La emoción de un centenario

Tras la cata final, el jurado otorgó la manzana de plata a Sidra Trabanco (Gijón, con llagar también en Sariegu), que se alzó así con el título de mejor sidra natural de Asturias.

El momento más emotivo llegó con la reacción de Samuel Trabanco, al frente del llagar centenario, que recibió la noticia visiblemente emocionado, con la voz quebrada y al borde de las lágrimas. En declaraciones a EL FIELATO, EL NORA y a otros medios presentes, confesó “lo importante y emotivo que es para él este reconocimiento en el año en que celebramos nuestro centenario”.

Su humildad, sin embargo, le llevó a insistir en que para él el verdadero orgullo era el “segundo puesto” que creía haber obtenido, asegurando que el ganador era “su amigo”. Pese a que los jueces y las bases lo proclamaron oficialmente como vencedor -y en el apartado de cata solo hubo dos puntos de diferencia entre ambos-, Samuel mantuvo su discurso modesto, exultante de felicidad y con ese brillo en los ojos que, para muchos, define la auténtica cultura sidrera: pasión, respeto y amor por el oficio.

Polémica, rectificación y entrega de premios

La final no estuvo exenta de polémica. En un primer momento, la organización anunció únicamente el nombre de los tres primeros clasificados —Fanjul como ganador, Sidra Trabancoen segundo lugar y Viuda de Palacio en tercero—, además de desvelar los otros tres llagares finalistas sin especificar su posición.

Sin embargo, ni el primer ni el tercer clasificado iniciales estaban presentes en el acto de entrega de trofeos. Esto obligó a la organización a revisar la normativa y recomprobar las puntuaciones, ajustando la clasificación final en función del cumplimiento íntegro de las bases del concurso.

La relación definitiva de ganadores quedó así:

  • 1.º 🥇 Sidra Trabanco (Gijón/Sariegu)
  • 2.º 🥈 Villacubera, Sidra DOP del Llagar Cortina (Villaviciosa)
  • 3.º 🥉 Sidra Arbesú (Siero)

En el acto de entrega, el alcalde de Villaviciosa, Alejandro Vega, fue el encargado de entregar el primer premio a Samuel Trabanco, de Sidra Trabanco; la Directora General de Desarrollo Rural e Industrias Agrarias del Principado, Begoña López, entregó el segundo premio a Tino Cortina por Villacubera, la DOP de Sidra Cortina; y Luis Benito García Álvarez, homenajeado en esta edición, hizo entrega del tercer premio a Sidra Arbesú.

Homenaje a Luis Benito García Álvarez

La final sirvió también para rendir homenaje a Luis Benito García Álvarez, impulsor de la candidatura de la Cultura Sidrera Asturiana a Patrimonio Inmaterial de la Humanidad por la UNESCO.

Como reconocimiento, el Ayuntamiento de Villaviciosa le entregó la Manzana de Plata, distinción que simboliza el máximo galardón del certamen.
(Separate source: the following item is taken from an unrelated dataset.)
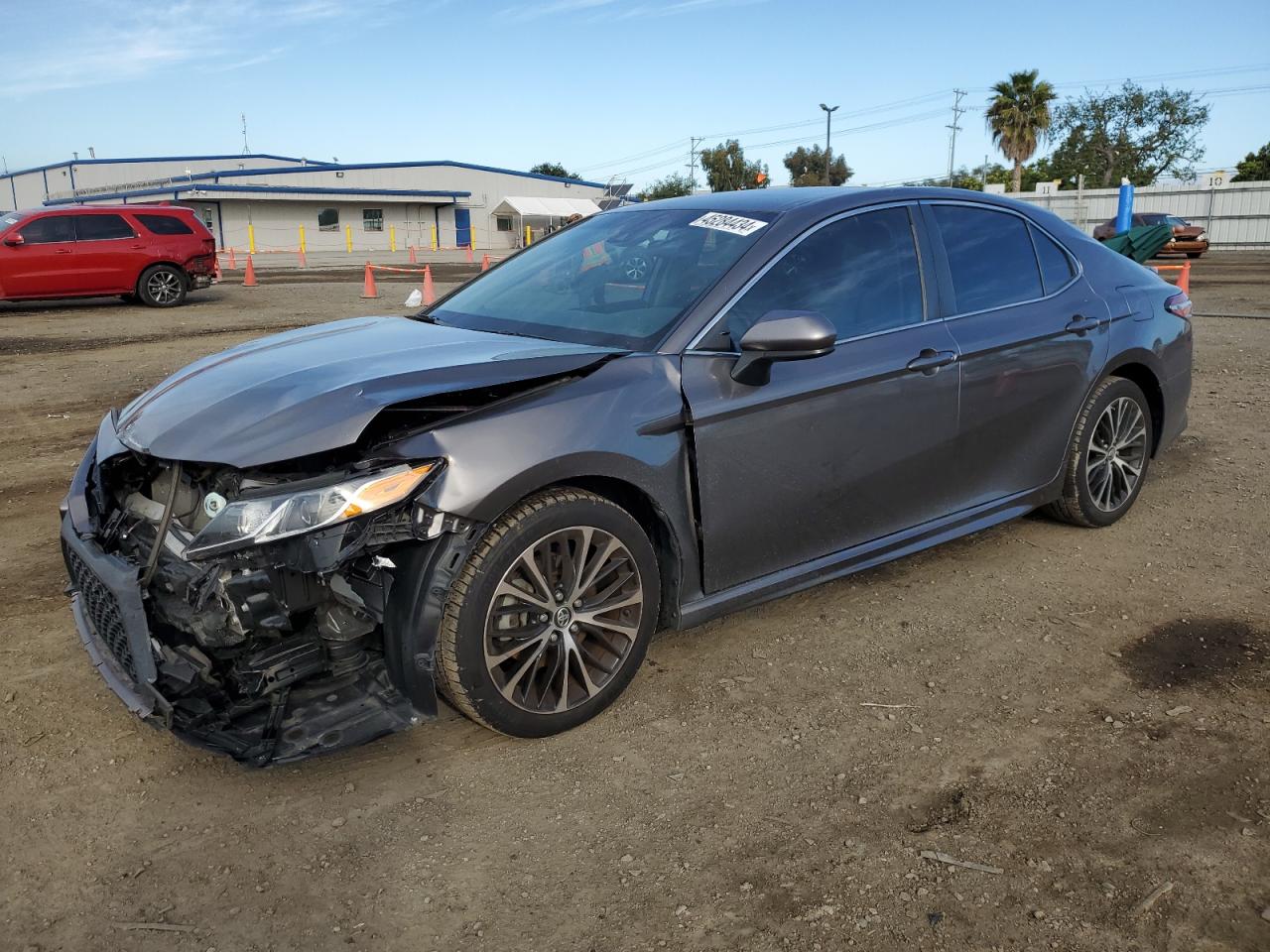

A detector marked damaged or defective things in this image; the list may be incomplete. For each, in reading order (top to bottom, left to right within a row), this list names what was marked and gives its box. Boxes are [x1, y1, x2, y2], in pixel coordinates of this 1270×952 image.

crushed front end [61, 415, 476, 766]
cracked headlight [185, 460, 437, 559]
damaged gray sedan [60, 189, 1191, 762]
Luis Benito expresó su orgullo por recibir “un premio de aquellos a los que llevo tantos años dedicando mis estudios” y confesó que era especialmente emocionante para él recibirlo en Villaviciosa, porque cuando era niño su padre pasó un tiempo en la Pomológica —actual SERIDA—, y él le acompañaba en muchas ocasiones. “Parte de mi niñez transcurrió aquí, corriendo entre les pomaraes”, recordó con emoción, antes de destapar las tres botellas con mayor puntuación y mostrarlas con la etiqueta de los llagares ganadores.
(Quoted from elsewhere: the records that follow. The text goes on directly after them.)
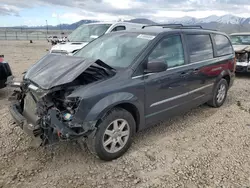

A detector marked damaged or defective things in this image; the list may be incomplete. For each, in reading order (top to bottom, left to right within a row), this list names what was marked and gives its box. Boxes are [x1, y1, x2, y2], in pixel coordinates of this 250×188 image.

crushed front end [9, 82, 96, 145]
front bumper damage [8, 86, 97, 146]
crumpled hood [24, 53, 112, 89]
damaged minivan [8, 26, 234, 161]
damaged minivan [231, 32, 250, 72] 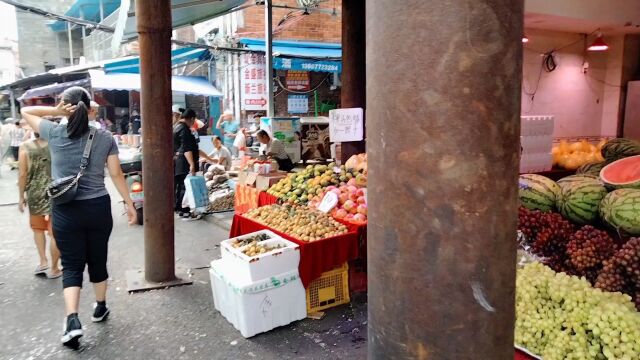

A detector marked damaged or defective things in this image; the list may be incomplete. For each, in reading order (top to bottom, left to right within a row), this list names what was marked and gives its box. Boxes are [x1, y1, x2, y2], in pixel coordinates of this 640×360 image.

rusty metal column [136, 0, 174, 284]
rusty metal column [340, 0, 364, 162]
rusty metal column [368, 1, 524, 358] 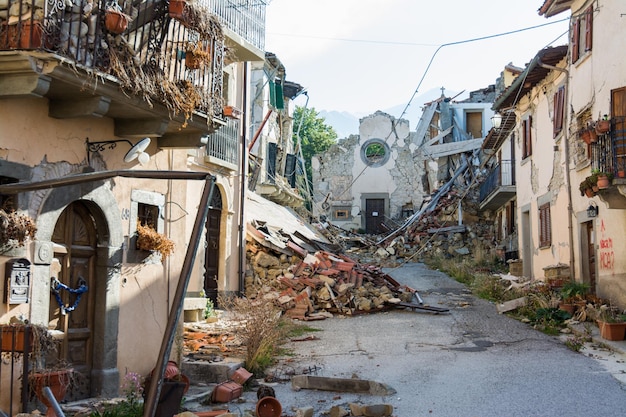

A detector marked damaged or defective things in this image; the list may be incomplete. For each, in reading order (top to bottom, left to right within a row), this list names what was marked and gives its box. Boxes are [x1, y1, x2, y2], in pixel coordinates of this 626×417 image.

broken balcony [0, 0, 230, 143]
broken balcony [478, 159, 512, 211]
broken shutter [536, 202, 552, 247]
Un certamen con historia y rigor

Con más de cuatro décadas de trayectoria, el Concurso Regional de Sidra Natural de Villaviciosa sigue siendo un referente en el calendario sidrero, combinando tradición, exigencia técnica y un ambiente festivo que cada septiembre convierte a la capital maliaya en el epicentro de la cultura sidrera asturiana.